「選挙行こう」企業が後押し 店舗休業や投票所設置

西日本新聞 社会面

「ローカル選挙カフェ」で活発に意見を交わす参加者たち=16日、福岡市 拡大

「ローカル選挙カフェ」で活発に意見を交わす参加者たち=16日、福岡市

 客や従業員にも大切な1票を促したい‐。そんな思いで投票を後押しする企業が増えている。米アウトドア企業パタゴニア日本支社(横浜市)は参院選投票日の21日、福岡店を含む全国の直営店全22店を休業する。イオングループは、九州5県の9カ所を含む全国103店舗に、期日前や当日の投票ができる場所を設置、買い物客や社員からも好評だという。

 「従業員に家族や友人と選挙について語り合い、投票に行く時間を持ってもらいたいと考えました」。
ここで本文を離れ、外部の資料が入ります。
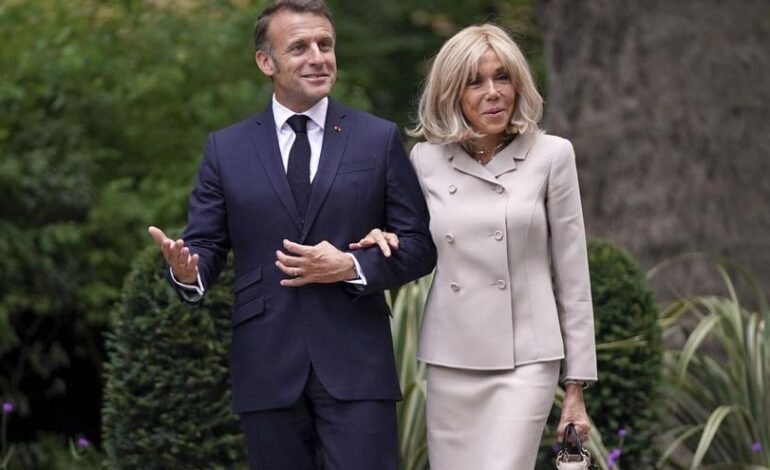 Polémica en Francia por los insultos de Brigitte Macron contra un grupo de feministas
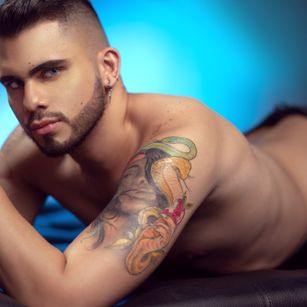 Model - Angel_Davis bigcock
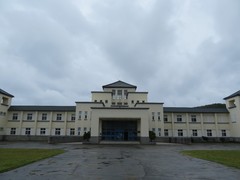 写真２　海洋センターの建物正面。この後ろに閉鎖された監獄がある。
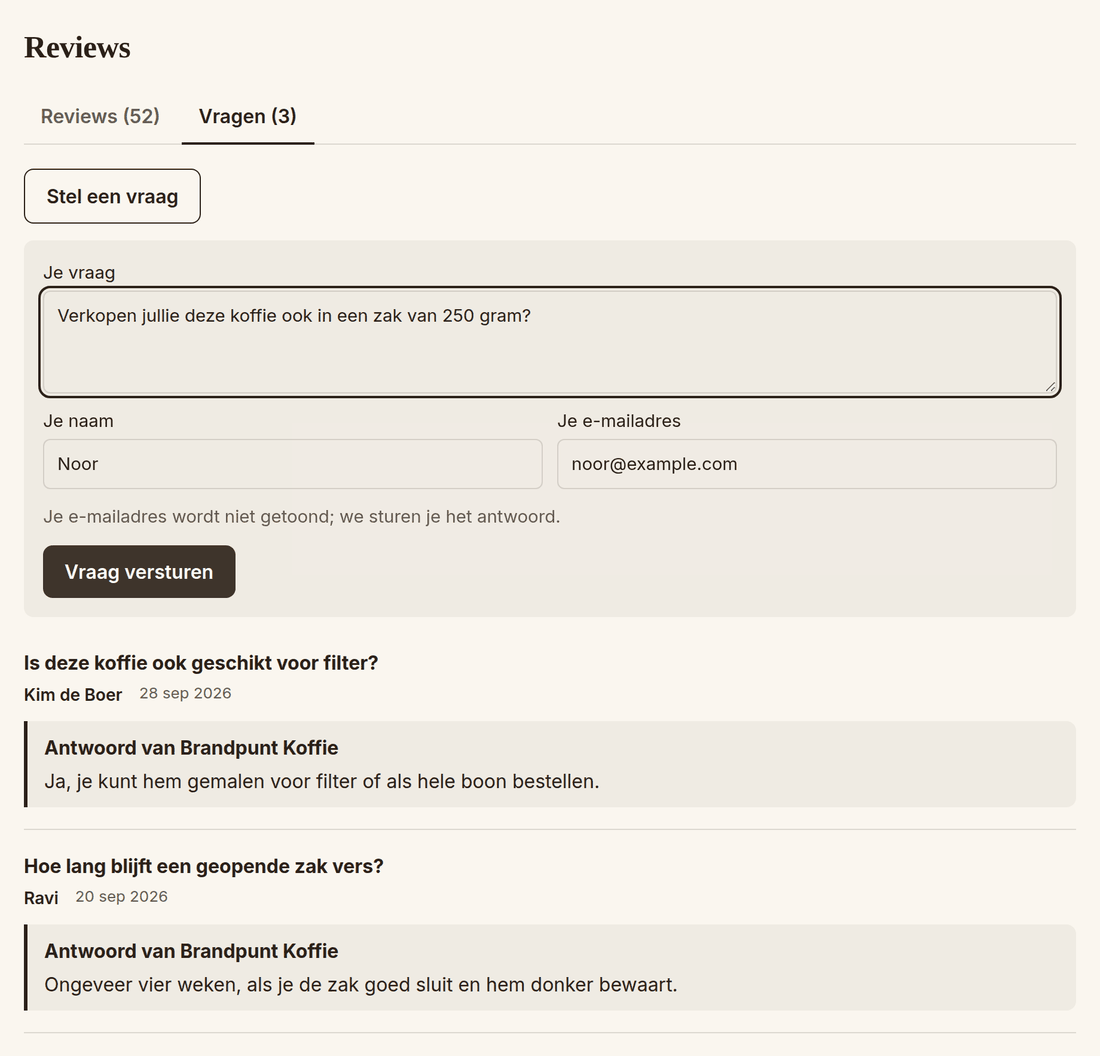 Tabblad Vragen in het reviewblok: een formulier om een vraag te stellen en twee beantwoorde vragen met het antwoord van de winkel eronder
公示前日の3日、ホームページで休業を発表したパタゴニアは試みの狙いをそう説明する。売り上げが期待できる週末に閉店することについて担当者は「会社に注目が集まっており、長期的に考えれば営業的にもマイナスではない。他の企業にも続いてほしい」。福岡店の西崎真二さん(33)は「21日は妻と子どもと一緒に投票に行きたい」と話す。

 同社は選挙期間中に全国の店舗で参加型のトークイベント「ローカル選挙カフェ」を開いてきた。福岡店でも16日夜、開催。20~30代を中心とした男女30人が参加し、特定政党や候補者を推薦、批判しないことを条件に「選挙のイメージ」や「理想の社会」などのテーマについて活発に意見を交わした。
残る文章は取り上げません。